演習継続
「これは、凄まじい」
審判部で演習を、日米両軍の動きを全て見ていた北山は驚きを禁じ得なかった。
勿論、机上のことであり、現実ではない。
しかし、使われているのは全て現実の数字であり、これまでの戦いからもたらされた数値であり、今の兵力配置だ。
起きうる未来予測として十分すぎる。
「凄まじい事になりましたね。直ちに対策を」
「いえ、続けます。双方に演習継続を続けるように伝えるんだ」
「何故です」
高木の決定に北山が疑念をもち尋ねた。
「今行われているマリアナ奪回作戦が危険だという事は分かりました。しかし、我々は戦争終結のため、その後の事を考えなければなりません。この後どうなるか知らなければ、戦争終結までの間に何が起きるか、知らなければ目的を達成できません」
海軍軍人は目先が利く、と言われている。
これは巨大な艦船を動かすには周到な用意が必要だからだ。
出港する前に、航行出来る航路か、暗礁はないか、停泊先に艦隊が入港できるか、燃料の補給は、乗員の食料は調達できるか、天候は大丈夫か。
軍艦は大和型一隻で一億円以上する高価な物だ。
動かすために、年間で建造費の一割の予算が必要だ。
戦時となれば更に数倍の予算が必要になる。
これほど高価で維持費がかかる軍艦を運用するには、戦いの前に事故で失ってはならないし、損傷させるのもダメだ。
艦内の乗員の事も考える必要があるし動かすための油もいる。
戦闘は勿論、その前の航路や寄港地など、先々を予測して対策を立てる、安全と補給を確保する必要がある。
「先を見通す事が、戦争終結の鍵になります」
高木は先を知っておくべきだと考えた。だからこそ、マリアナの先を知っておきたい。
多分、制圧に手間取っているので作戦は失敗するだろう。
だが、その後、何が起きるのか知っておくべきだと高木は考えた。
いや、失敗すると分かったからこそ、失敗した後の事を知っておくべきなのだ。
「佐久田参謀より、早急に鎮守府に帰り、対策を練りたいと言っているのですが」
「ダメだ。続けさせろ」
電話を取り次いだ伝令役のメンバーに高木は言った。
「始発まで時間はある。それよりマリアナの後の戦いを知りたい。先の事を考えなければ作戦は出来ない。今戻ったところで出来る事など何もない。演習を継続するよう伝えろ」
「了解」
高木の意見に佐久田も納得、いや自身も見ておきたいと考え、演習の継続を要請する有様だ。
一方日本側の指揮官は心が折れていた。
虎の子である第一機動艦隊が壊滅し、作戦目的であったマリアナ奪回に失敗したのだから無理もない。
だが、高木は叱咤して演習を続けさせた。
勿論、この後の展開が拷問以上の展開となる事を高木も確信している。
「いずれ起きる現実だ。今のうちに見ておく、そうでもしなければ耐えられない」
高木も、演習の結果で動揺している。
今こそ陸で仕事をしているが海軍軍人であり、軍艦が、海軍が大損害を受けることに、演習上とはいえショックを受けている。

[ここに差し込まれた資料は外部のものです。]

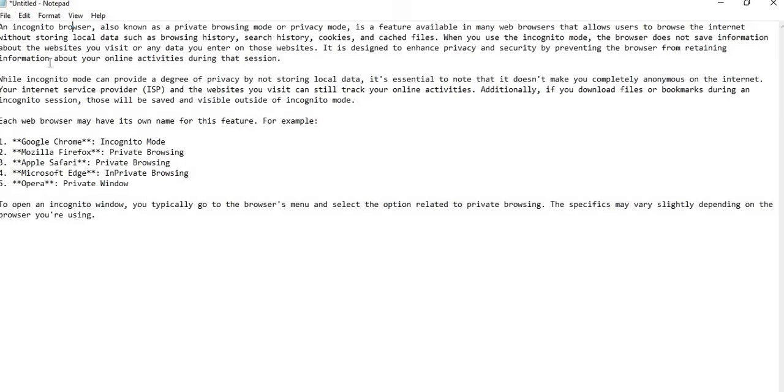When you use incognito mode, the browser does not save information about the websites you visit or any data you enter on those websites. It is designed to enhance privacy and security by preventing the browser from retaining information about your online activity during that session.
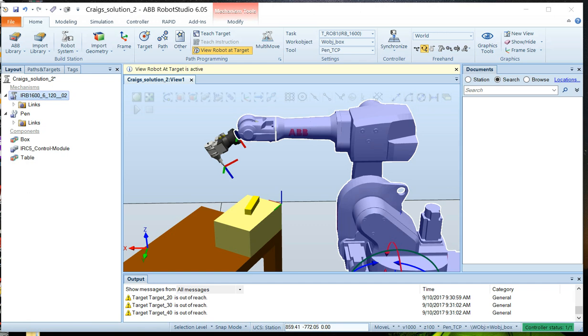We're back at the Robot Studio Labs right now. It's Craig again. And now we're going to create some targets on our work object and make sure the robot can reach all those targets.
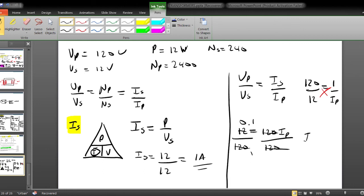So Ip, the current in the primary winding, equals 0.1 amperes. I want you to go ahead and try using the alternative combination: Np divided by Ns equals Is divided by Ip. Use that and see if you get the same answer — you should.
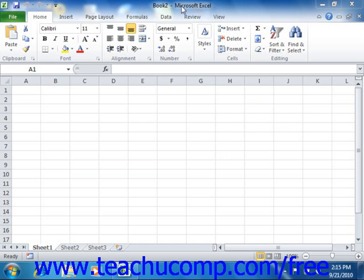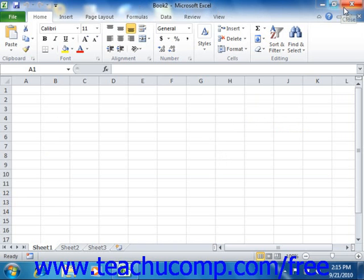At the right end of the title bar are three buttons in a button group: Minimize, Maximize or Restore Down, and Close, respectively. These buttons affect the display of the application window.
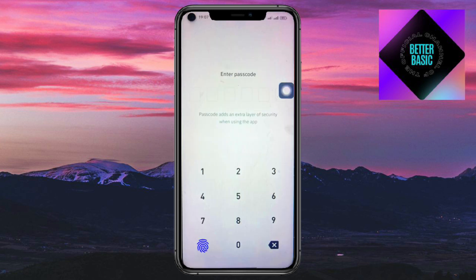And then after we have done that, we should be able to create a passcode. I'll just put in here a passcode — this is not my actual passcode, just a made-up passcode for this tutorial. Click on Confirm here.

ミッドウェーの時も軍令部にいたため初めて聞いたとき酷くショックだったが、今回はそれ以上だ。
机上だが、正確な数値を元にしているため、あり得ない結果、数字ではない。
現実に起こりうる事だ。
そして、高木は、その上で、大損害が発生した状況で行動しなければならない。
ここにいるブレイントラストのメンバー全員も黙り込みつつも高木同様に理解し、同じようにショックを受けつつも結末を見るために、最悪の状況を見るために演習を続けた。
書き記す数字や結果は、紙の上の事だ。
だが起きうることであることは、彼らが、政府の要職に就いていたり、経験があるため、彼らが一番理解している。
そして、最悪の場合、演習で示された数字や結果を自分の職場で、政府の中枢で聞くことになることを確信していた。
それがどのようなものであるのか、漠然としたものではなく、正確な数字にするため、彼らは精神をすり減らしながら、作業を、演習の支援を続けた。
最早、兵棋演習を超え、陸海軍を超越、日本とアメリカ、世界を舞台にした図上演習となっていたが、演習は続いた。
ブレイントラストのメンバーが政府中枢にいることもあり、戦争継続のために必要な資料や数値を頭の中に彼らが収めていたこともあり、演習の継続は可能だった。
彼らの明晰な頭脳は破滅的な展開を見せつけられながらも、冷静に動き、演習を、大日本帝国の滅亡をシミュレーション上で見せた。
敗北への道をひた走っているが、その過程で日本が生き残れる可能性を見つけ出すために、彼らは演習を続ける。
「針のような糸口でも必ず見つけ出すぞ」
審判部長となった高木は、判定を下しつつ、日本が存続する可能性を探った。